Maestro Buribayev, you have already worked on Eugene Onegin at the Bolshoi Theatre and at the Astana Opera. Next season you will be working on this opera in Helsinki, at the Finnish National Opera and Ballet. What are the special features of this new production in Ljubljana?
- You know, amazingly, every time I have a feeling of freshness and versatility of this work, and the fact that it always surprises me with something completely new, it would seem, in such a work that I know by heart. After the fascinating productions that I conducted, by the iconic stage directors Tcherniakov or Livermore, I was wondering what opinion the famous European director Vinko Möderndorfer, who staged this production, had on this work. He is an international film director whose movies are shown and receive awards at the Cannes and Venice Film Festivals, at the Berlinale, at festivals in Montreal, Montpellier and others. In addition, he is a playwright, author of 9 novels and 24 plays. His books have been published in different world languages. His take on Eugene Onegin is one of the most dramatic I have ever seen. For him, this work is full of the strongest passions, almost driving the main characters insane. At the same time, I worked hard to ensure that all subtexts and nuances in intonations were conveyed as clearly as possible. The artists responded with interest, the choir moved and danced a lot, and in the orchestra I tried to bring out as many colors as possible in this magical score. The ballet in Rosana Hribar’s choreography was also the highlight of the performance. Her solution to the popular polonaise from the third act is interesting, in which the entire backstory of Eugene Onegin is told in the language of choreography.

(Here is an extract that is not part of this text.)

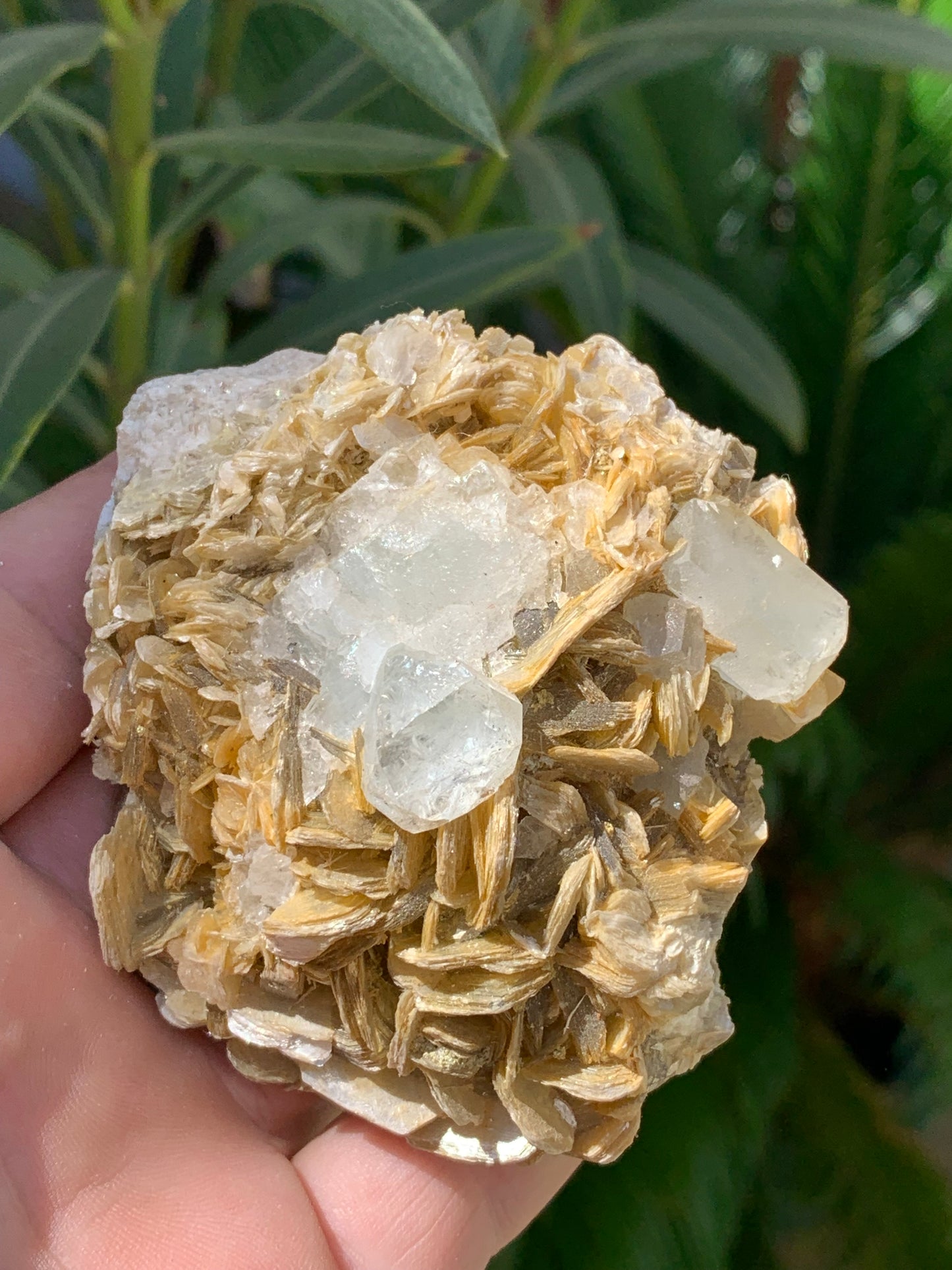 Aigue-marine avec Muscovite, superbe pièce de 82x70x51mm - 311,3 grammes, 2 magnifiques cristaux sur gangue !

This is not your first time conducting in Slovenia. Was it symphonic music that you have performed there before?
- Yes, I conducted in Ljubljana for the first time as a very young man. I remember my debut with Handel’s Music for the Royal Fireworks with the excellent Slovenian Philharmonic Orchestra very well. In subsequent years, I have conducted at the Philharmonic, and now I made my debut at the opera house with Eugene Onegin. Ljubljana is an interesting place, in my opinion, just a paradise for a person involved in art. It is here at every turn. A stone’s throw from the opera there are two museums: of modern art and classical painting. The city center is crossed by the street named after Beethoven, who was associated with the Philharmonic, which has existed here since 1701. On my way to the opera house I always pass and mentally greet the monument of Gustav Mahler, gazing at the river. Mahler worked for some time in Ljubljana, and Slovenes reverently honor his memory. Incidentally, Mahler conducted the performance of Eugene Onegin, which was attended by Tchaikovsky himself, and Pyotr Ilyich then called him brilliant. I was very pleased that my professor of conducting, Maestro Uroš Lajovic, under whose guidance I graduated from the Universität für Musik und Darstellende Kunst Wien, came to see me at the premiere. He expressed his approval of my work and gave me his new book on articulation in Beethoven’s symphonies. It is a very specific read, but I am reading it avidly like Conan Doyle’s mystery novel.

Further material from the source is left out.